Last week, as Barack Obama addressed a crowd of hundreds of thousands in Berlin, John McCain talked two people in a supermarket. What can McCain do about Obama's ability to outdraw him by many times?
Attack, that's what. McCain is running a new ad that tries to turn Obama's advantage into a liability by painting him as an out-of-touch "celebrity" rather than a heavyweight politician.
What's interesting to me about the ad campaign is the strategy of it. It's obviously a return to Karl Rove's tactic of attacking the opposition's strength head-on. And where did Rove get this tactic? I have an idea.
Al Ries and Jack Trout, advertising gurus and authors of Positioning and Marketing Warfare make this suggestion in the latter book: if you're not the market leader, find a weakness in the leader's strength and use that as your point of attack.

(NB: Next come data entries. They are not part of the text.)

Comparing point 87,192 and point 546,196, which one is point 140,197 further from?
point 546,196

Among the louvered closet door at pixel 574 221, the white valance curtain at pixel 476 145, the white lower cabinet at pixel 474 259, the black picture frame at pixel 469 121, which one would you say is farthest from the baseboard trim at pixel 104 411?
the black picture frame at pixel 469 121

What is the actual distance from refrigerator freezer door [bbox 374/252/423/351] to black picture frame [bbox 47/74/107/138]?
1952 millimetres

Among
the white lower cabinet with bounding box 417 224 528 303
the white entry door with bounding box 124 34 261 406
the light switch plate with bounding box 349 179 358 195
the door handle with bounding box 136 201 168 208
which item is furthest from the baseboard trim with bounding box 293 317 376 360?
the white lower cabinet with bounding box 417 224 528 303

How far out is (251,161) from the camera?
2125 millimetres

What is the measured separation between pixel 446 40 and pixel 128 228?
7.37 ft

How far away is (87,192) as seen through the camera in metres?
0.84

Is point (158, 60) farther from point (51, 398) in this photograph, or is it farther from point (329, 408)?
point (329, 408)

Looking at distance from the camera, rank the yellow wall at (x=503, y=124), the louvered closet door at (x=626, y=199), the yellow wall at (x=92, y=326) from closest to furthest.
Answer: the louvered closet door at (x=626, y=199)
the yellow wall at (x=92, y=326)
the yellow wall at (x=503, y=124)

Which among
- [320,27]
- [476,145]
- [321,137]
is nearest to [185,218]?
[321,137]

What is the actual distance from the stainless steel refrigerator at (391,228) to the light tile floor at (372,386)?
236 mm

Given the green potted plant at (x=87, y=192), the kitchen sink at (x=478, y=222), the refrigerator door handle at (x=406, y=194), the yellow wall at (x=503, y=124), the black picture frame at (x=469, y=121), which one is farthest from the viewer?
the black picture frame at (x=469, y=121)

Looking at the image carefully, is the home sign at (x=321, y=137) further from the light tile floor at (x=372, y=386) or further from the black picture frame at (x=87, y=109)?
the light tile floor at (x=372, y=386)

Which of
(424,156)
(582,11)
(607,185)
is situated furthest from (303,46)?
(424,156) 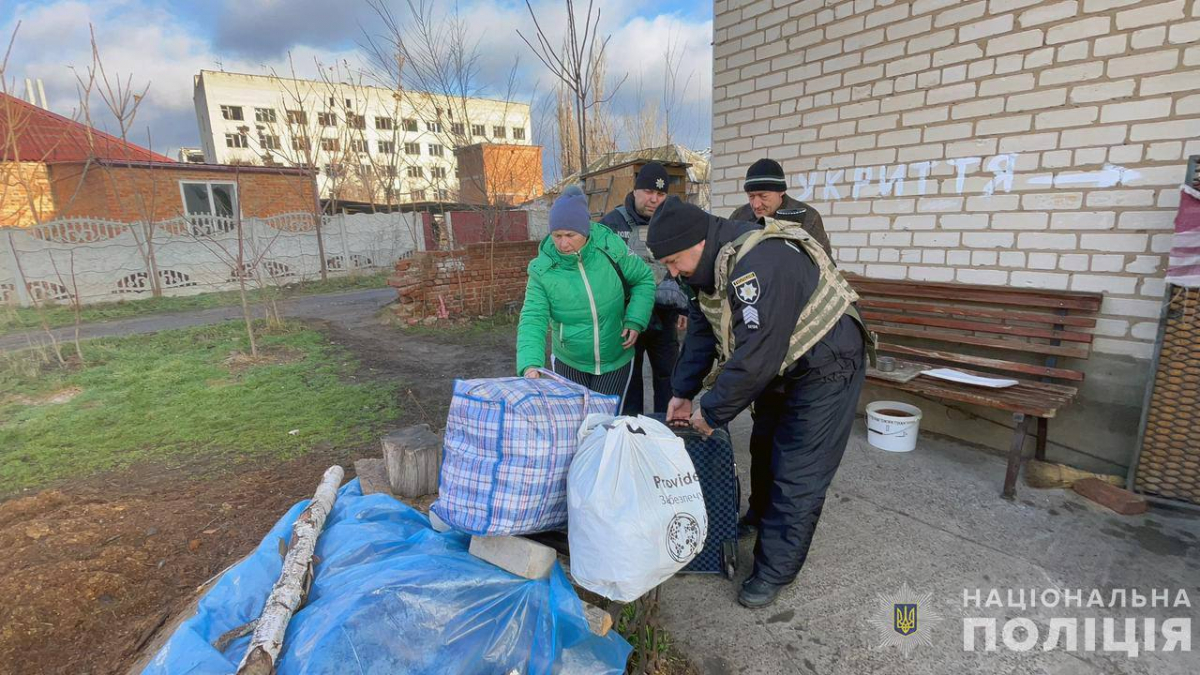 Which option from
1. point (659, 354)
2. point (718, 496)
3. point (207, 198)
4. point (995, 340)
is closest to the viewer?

Don't find a weakness in the leader's general position. Find a weakness in their strength.
For example, they point to a rental car ad once used (by Avis, I believe) to attack Hertz. Hertz is the number one rental car company and had most of the customers. So the rival lured customers with this slogan: "The line at our counter is shorter." The weakness in Hertz's strength was that it inevitably had longer lines.

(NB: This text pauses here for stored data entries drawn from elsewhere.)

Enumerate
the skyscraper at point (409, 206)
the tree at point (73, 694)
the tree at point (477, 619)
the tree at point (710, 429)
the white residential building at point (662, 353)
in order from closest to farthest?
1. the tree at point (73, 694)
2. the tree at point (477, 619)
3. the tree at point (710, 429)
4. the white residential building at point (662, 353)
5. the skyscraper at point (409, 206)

Rove was obviously trying this same strategy. One of Obama's biggest strengths is his magnetism. He draws enormous crowds. So count on Rove's disciples to suggest that there's something wrong with drawing big crowds.
I don't think it will work. Hilary Clinton tried the same strategy of suggesting that Obama was a crowd-pleasing empty suit. Obama proved too smart for that. His campaign, including his recent foreign trip, has shown that his talent is genuine.
But meantime, how about turning the strategy around? Obama's team should find the weakness in McCain's strengths as use them to attack.
I'm not clever enough to do it for them, but here are a couple of thoughts. What are McCain's strengths? Experience, of two kinds: Washington experience and military experience.
Well, the Washington experience should be easy to attack. Yes, McCain's served as a Senator for a long time and really knows Washington politics. But politicians have always attacked that as a bad thing, and it should be particularly easy to do that now. With 74% of people thinking that the country is going in the wrong direction, it should be easy to attack Washington experience as a liability -- Washington is what got us on the wrong track. So say that yes, McCain is highly experienced -- at the same old politics that got us in the mess we're in now. We need to turn the page and start fresh, so McCain's experience is bad, not good.
The military experience is perhaps a little trickier -- Obama doesn't want to look weak and doesn't want to make it easier for Republicans to push the line that Democrats don't understand that the war on terror is a military matter. But some appropriate attack could be made here too. We've lived for nearly 8 years under an administration that was overly adventurous and trigger-happy and that didn't understand that starting a war is serious business and shouldn't be done lightly. Do we want four more years of that? Do we want someone who's already beating the drum about going to war on Iran? With the country already war-weary, McCain's military experience could be suitably painted as a liability, not an advantage.